There was no DRS at the restart on Lap 14, so Crawford had to make the move on Collet the traditional way, and he did after several corners of side-by-side battling. Neither driver had yet won a race in one and a half years of F3, but both drivers showed Saturday that they were up for the challenge.
It would have been a sensational story for Correa to take his first F3 podium, or even victory, since his racing comeback, but the win was an equally deserved result for Crawford, who had shown great pace in the first four rounds to take three podiums and points in all but one race. Crawford has fallen into the shadows of fellow Red Bull junior Isack Hadjar – whom the programme’s adviser Helmut Marko tipped as a potential candidate for a Formula 1 seat in 2024 – but he stamped his authority on the circuit this weekend, at least on Saturday.
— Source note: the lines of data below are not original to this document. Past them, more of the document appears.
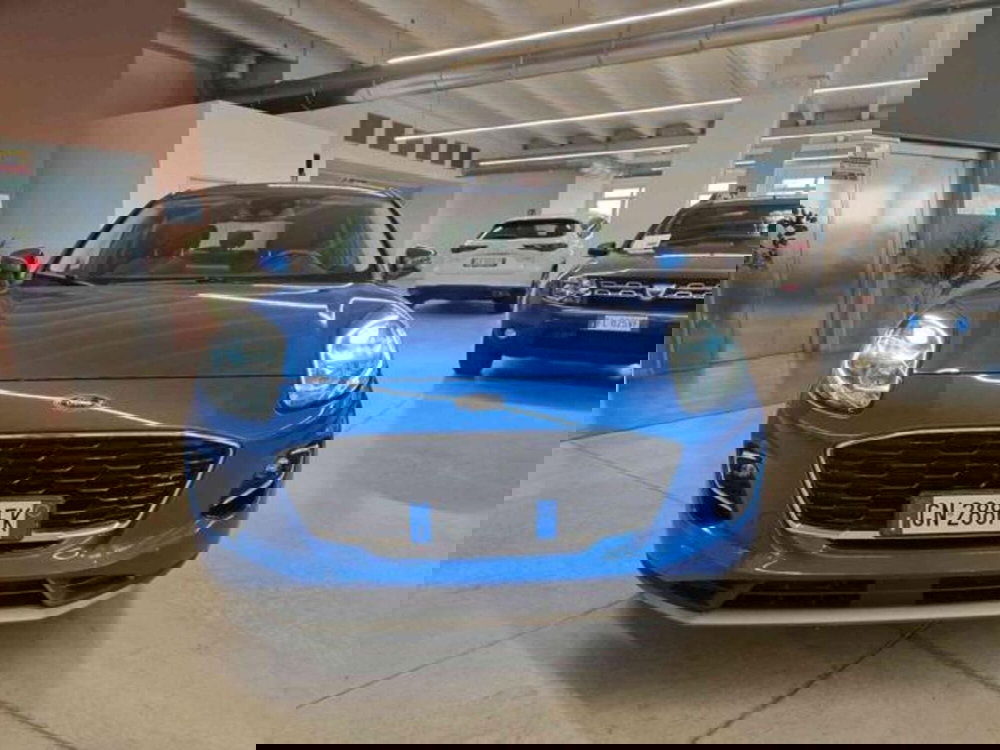 Ford Puma usata a Bologna (2)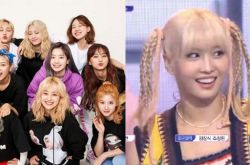 TWICE无修音安可现场曝光 MOMO挨批车祸现场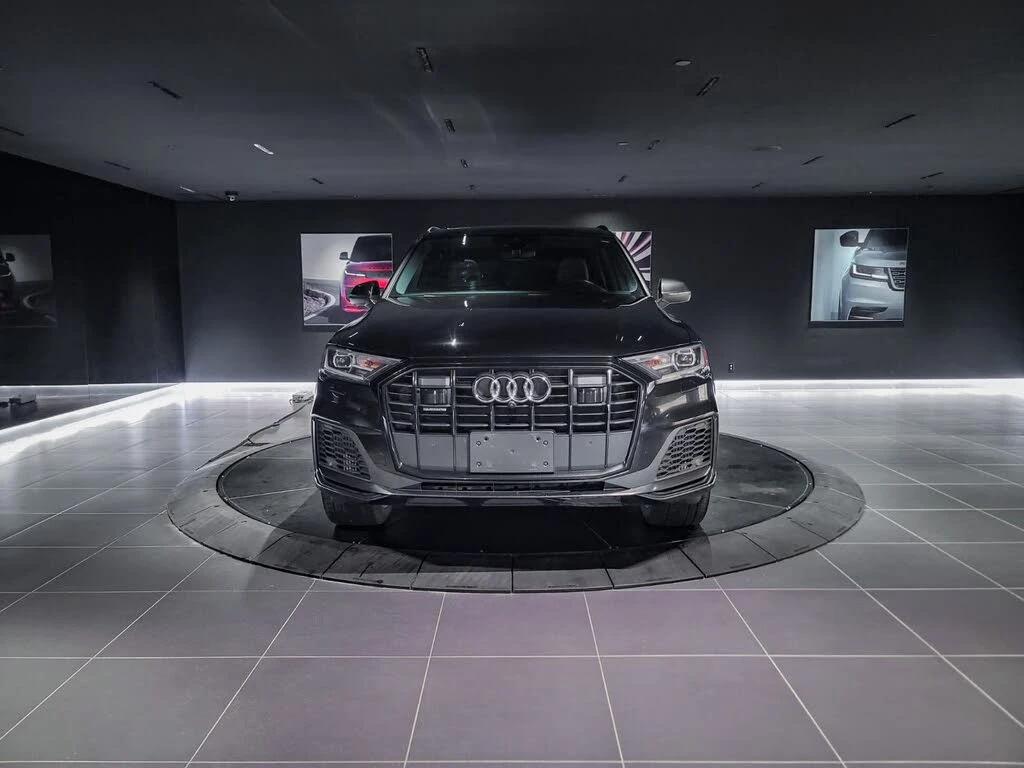 Audi Q7 quattro Progressiv 55 TFSI PANORAMA, снимка 2 - Автомобили и джипове - 55120184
Just how good can Hadjar get?
It didn’t take long for Hadjar to reclaim the spotlight from Crawford and conquer the bullring. Not even 24 hours later, he was standing atop the podium for the Feature Race to celebrate his third victory of the season. That result made him the first driver in FIA Formula 3 Championship history to take three wins in their first 10 races – an impressive statistic for anyone, let alone a driver just 17 years of age.
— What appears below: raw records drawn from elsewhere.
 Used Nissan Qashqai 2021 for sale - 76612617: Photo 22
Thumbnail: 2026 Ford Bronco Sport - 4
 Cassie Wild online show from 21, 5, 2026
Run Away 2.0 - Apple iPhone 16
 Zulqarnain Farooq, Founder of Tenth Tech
Hadjar turned heads with his Sprint Race victory in Silverstone last weekend, when he rose from fourth to first by saving his tyres throughout the race and executing a decisive late-race pass on Victor Martins. That came the Sprint Race win Hadjar earned on début in Bahrain after Bearman received a five-second penalty for exceeding track limits four times.
On Friday, Hadjar became the fifth driver to take pole position in as many rounds. He admitted that his result was in part down to luck, as his positioning at the front of the notorious Qualifying queues meant that the late red flag did not void his last attempt as it did those of most others.
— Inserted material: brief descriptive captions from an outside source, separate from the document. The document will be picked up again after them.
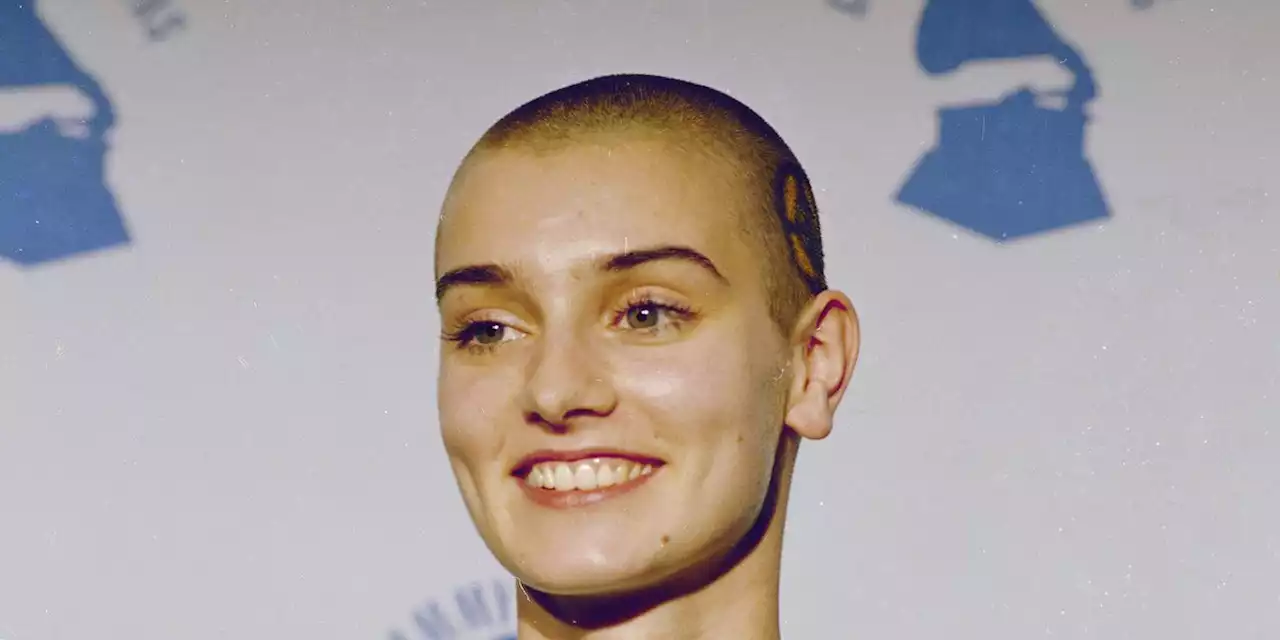 Sinéad O’Connor, gifted and provocative Irish singer, dies at 56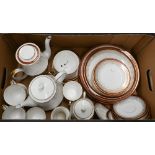 A Royal Grafton 'Majestic' dinner/tea/coffee service (box)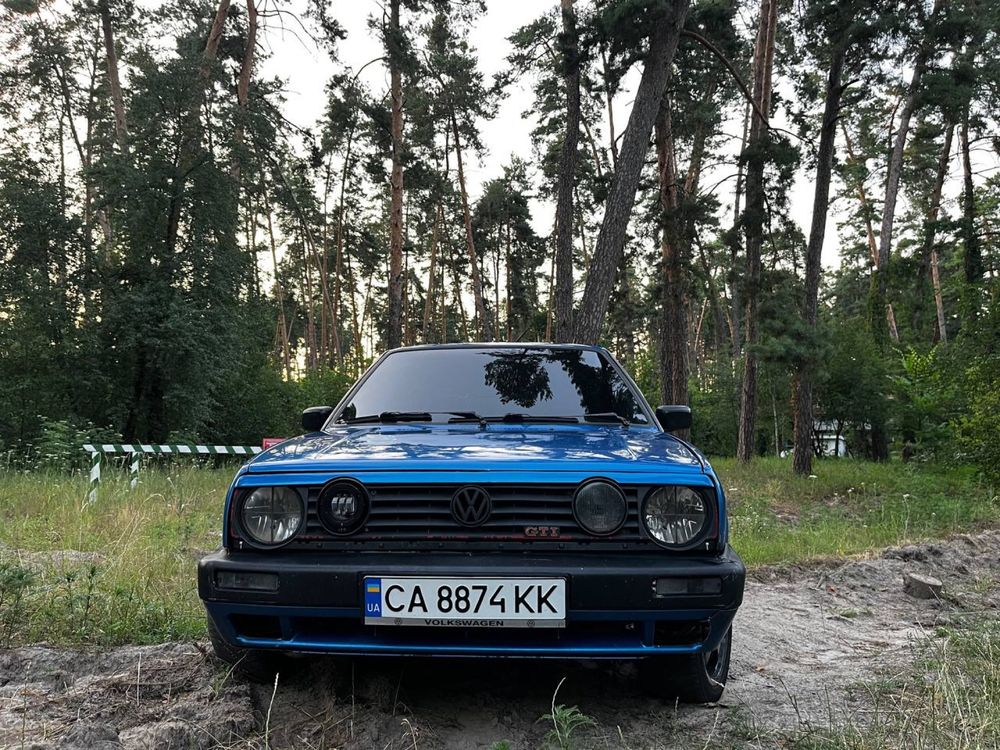 Продам Volkswagen Golf 2 16V Бензин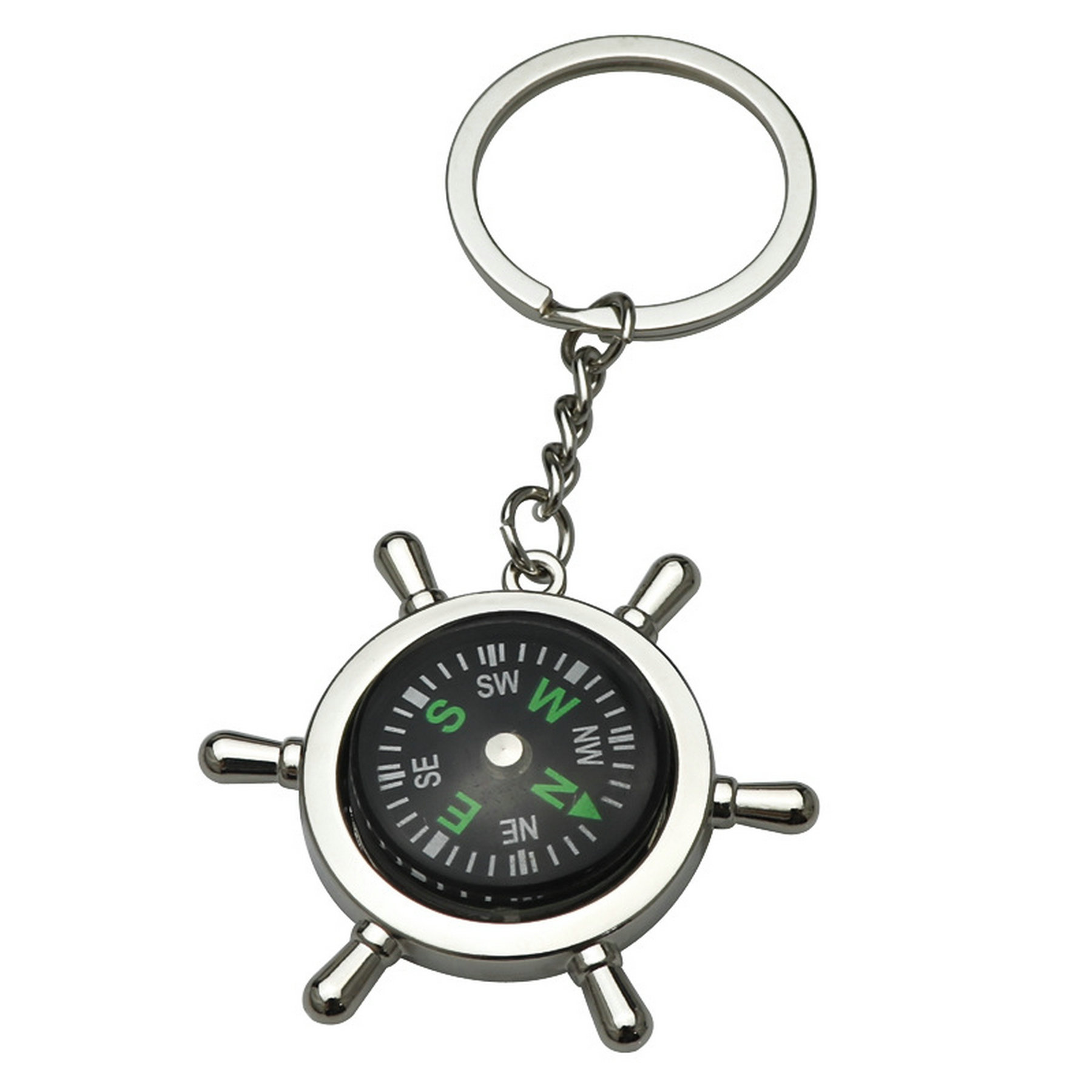 Compass Key Chain 1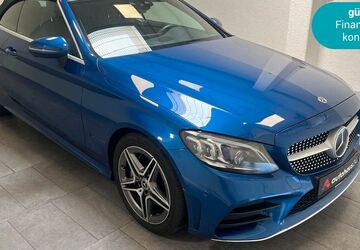 Mercedes-Benz C 300 30.532 km 41.990 &euro; Egelsbach 63329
But there was no luck involved on Sunday: Hadjar pulled out a gap of more than six seconds over Martins prior to a late-race safety car period and went on to win by more than three seconds. It was an assured and confident drive – exactly the kind of performances he’s put on all season, albeit in less challenging weather conditions. With the win, he also closed to just one point behind Martins, positioning himself not just as the best rookie of the season but as a bona fide championship contender.
Trident’s tale of missed opportunity
Last week’s takeaways article mentioned that Trident has endured poor luck, driver absences and unnecessary incidents this season. At Spielberg, the team set themselves up well in Qualifying to put all three cars in the top eight, with Roman Staněk in sixth ahead of Jonny Edgar and Maloney. Edgar ran as high as fourth in the Sprint Race before falling away in the latter stages, ultimately coming home seventh as Staněk took fifth.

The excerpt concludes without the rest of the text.